Sontak saya langsung mencari nomor kontak Penasihat Hukum mereka dan berusaha untuk menanyakan kebenaran informasi pemindahan tersebut, namun sayangnya sang Penasihat Hukum justru tidak mengetahui hal tersebut.
Pada bulan yang sama, kami di KontraS mengajukan surat permohonan untuk bertemu para terpidana mati yang disebutkan di atas kepada Direktorat Jenderal Pemasyarakatan namun tidak mendapatkan respon hingga hari ini. Bulan Juni 2016, menantu Agus Hadi bernama Eriyanto mengontak KontraS untuk meminta bantuan KontraS dalam mengadvokasi kasus Ayah mertuanya. Dari Eriyanto pula, akhirnya kami mendapatkan info bahwa Pujo Lestari, Agus Hadi, dan Suryanto sempat ditempatkan di sel isolasi Lapas Batu begitu tiba dari Batam sehingga masih belum bisa ditemui.
Tak lama berselang, Pujo Lestari dan Agus Hadi mengirimkan surat kepada pihak Direktorat Jenderal Pemasyarakatan untuk meminta pihak KontraS datang menemui mereka di Nusakambangan. Pihak keluarga juga mengirimkan berkas Peninjauan Kembali (PK) yang pernah diajukan Penasihat Hukum namun ditolak oleh Mahkamah Agung.
Beberapa hari sebelum kabar para terpidana mati dimasukan ke Sel Isolasi, sempat ada pembicaraan antara Pujo Lestari dan Agus Hadi dengan saya. Keduanya mengutarakan bahwa itu merupakan komunikasi yang pertama sekaligus terakhir sebelum mereka masuk sel isolasi.
Dalam komunikasi tersebut, mereka sempat menanyakan apakah ada kesempatan bagi mereka mengajukan Peninjauan Kembali (PK) untuk ketiga kali, karena mereka minim pengetahuan mengenai hal-hal terkait hukum. Saya mencoba menjelaskan bahwa sebetulnya agak sulit untuk hal tersebut direalisasikan mengingat mereka sudah dua kali mengajukan Peninjauan Kembali (PK) dengan Penasihat Hukum yang terdahulu. Pujo menghela nafas. Saya tahu Pujo pasti kecewa dengan penjelasan saya tapi saya tidak memiliki pilihan lain selain mengatakan yang sebenarnya. Namun kemudian saya sampaikan bahwa opsi grasi masih mungkin dilakukan karena mereka belum pernah mengajukan sebelumnya dan dengan pertimbangan bahwa grasi adalah upaya terakhir yang merupakan sebuah hak terpidana untuk menempuhnya. Saat itu saya juga dengar Pujo mencoba menjelaskan pembicaraan saya dengan Agus Hadi. Pujo menghela nafas lagi sebelum mengatakan bahwa mereka masih ragu untuk memilih opsi grasi mengingat selama ini Jokowi selalu menolak permohonan grasi untuk terpidana kasus narkoba.

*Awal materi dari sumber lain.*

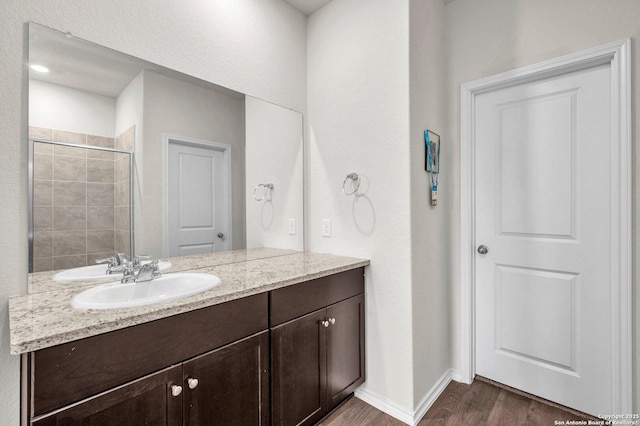 14016 Breccia Loop, San Antonio, TX 78253 - bathroom featuring vanity, wood finished floors, and a tile shower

Sebelum komunikasi ditutup, Pujo Lestari memohon dengan sangat pada saya dan segenap tim KontraS untuk bisa bicara dengan media dan publik luas tentang anggapan bahwa mereka adalah bandar narkoba. Label itu sangat menyakitkan karena sebetulnya mereka tidak tahu apa-apa. Pujo Lestari menyampaikan:
“Saya ini hanya orang kecil, mbak. Tidak mengerti apa-apa soal narkoba. Saya cuma Anak Buah Kapal yang dititipkan barang yang mana saya juga enggak tahu isinya apa. Saya juga tidak menyangka bahwa barang titipan itu adalah barang haram yang menyebabkan saya harus mendekam di penjara. Demi Tuhan, mbak. Saya bukan bandar. Tolong saya, mbak.”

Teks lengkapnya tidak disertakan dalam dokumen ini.